Problem description: An exact reproduction of all entries is expected.
Start of Block
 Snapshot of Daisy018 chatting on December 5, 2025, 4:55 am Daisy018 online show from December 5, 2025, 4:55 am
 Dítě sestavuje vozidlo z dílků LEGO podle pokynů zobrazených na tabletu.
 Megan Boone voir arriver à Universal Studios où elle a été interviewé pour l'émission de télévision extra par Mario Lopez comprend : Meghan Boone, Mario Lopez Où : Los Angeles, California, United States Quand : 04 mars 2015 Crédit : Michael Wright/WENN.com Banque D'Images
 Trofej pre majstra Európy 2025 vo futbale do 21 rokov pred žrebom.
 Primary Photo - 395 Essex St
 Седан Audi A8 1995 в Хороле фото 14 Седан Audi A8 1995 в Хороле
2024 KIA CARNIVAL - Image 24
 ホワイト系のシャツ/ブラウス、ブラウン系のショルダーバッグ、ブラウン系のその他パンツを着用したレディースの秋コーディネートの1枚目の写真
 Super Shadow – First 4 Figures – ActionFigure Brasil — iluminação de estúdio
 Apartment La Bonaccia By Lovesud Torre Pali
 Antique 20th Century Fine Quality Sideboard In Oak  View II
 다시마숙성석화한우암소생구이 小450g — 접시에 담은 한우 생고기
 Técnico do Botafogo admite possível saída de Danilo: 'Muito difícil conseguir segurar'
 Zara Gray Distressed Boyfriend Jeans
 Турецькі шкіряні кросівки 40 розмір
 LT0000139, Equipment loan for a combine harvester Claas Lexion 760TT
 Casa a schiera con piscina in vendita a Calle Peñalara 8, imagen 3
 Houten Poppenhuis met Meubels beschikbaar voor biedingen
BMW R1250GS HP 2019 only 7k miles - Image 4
End of Block
Exercise solution:
 Snapshot of Daisy018 chatting on December 5, 2025, 4:55 am Daisy018 online show from December 5, 2025, 4:55 am
 Dítě sestavuje vozidlo z dílků LEGO podle pokynů zobrazených na tabletu.
 Megan Boone voir arriver à Universal Studios où elle a été interviewé pour l'émission de télévision extra par Mario Lopez comprend : Meghan Boone, Mario Lopez Où : Los Angeles, California, United States Quand : 04 mars 2015 Crédit : Michael Wright/WENN.com Banque D'Images
 Trofej pre majstra Európy 2025 vo futbale do 21 rokov pred žrebom.
 Primary Photo - 395 Essex St
 Седан Audi A8 1995 в Хороле фото 14 Седан Audi A8 1995 в Хороле
2024 KIA CARNIVAL - Image 24
 ホワイト系のシャツ/ブラウス、ブラウン系のショルダーバッグ、ブラウン系のその他パンツを着用したレディースの秋コーディネートの1枚目の写真
 Super Shadow – First 4 Figures – ActionFigure Brasil — iluminação de estúdio
 Apartment La Bonaccia By Lovesud Torre Pali
 Antique 20th Century Fine Quality Sideboard In Oak  View II
 다시마숙성석화한우암소생구이 小450g — 접시에 담은 한우 생고기
 Técnico do Botafogo admite possível saída de Danilo: 'Muito difícil conseguir segurar'
 Zara Gray Distressed Boyfriend Jeans
 Турецькі шкіряні кросівки 40 розмір
 LT0000139, Equipment loan for a combine harvester Claas Lexion 760TT
 Casa a schiera con piscina in vendita a Calle Peñalara 8, imagen 3
 Houten Poppenhuis met Meubels beschikbaar voor biedingen
BMW R1250GS HP 2019 only 7k miles - Image 4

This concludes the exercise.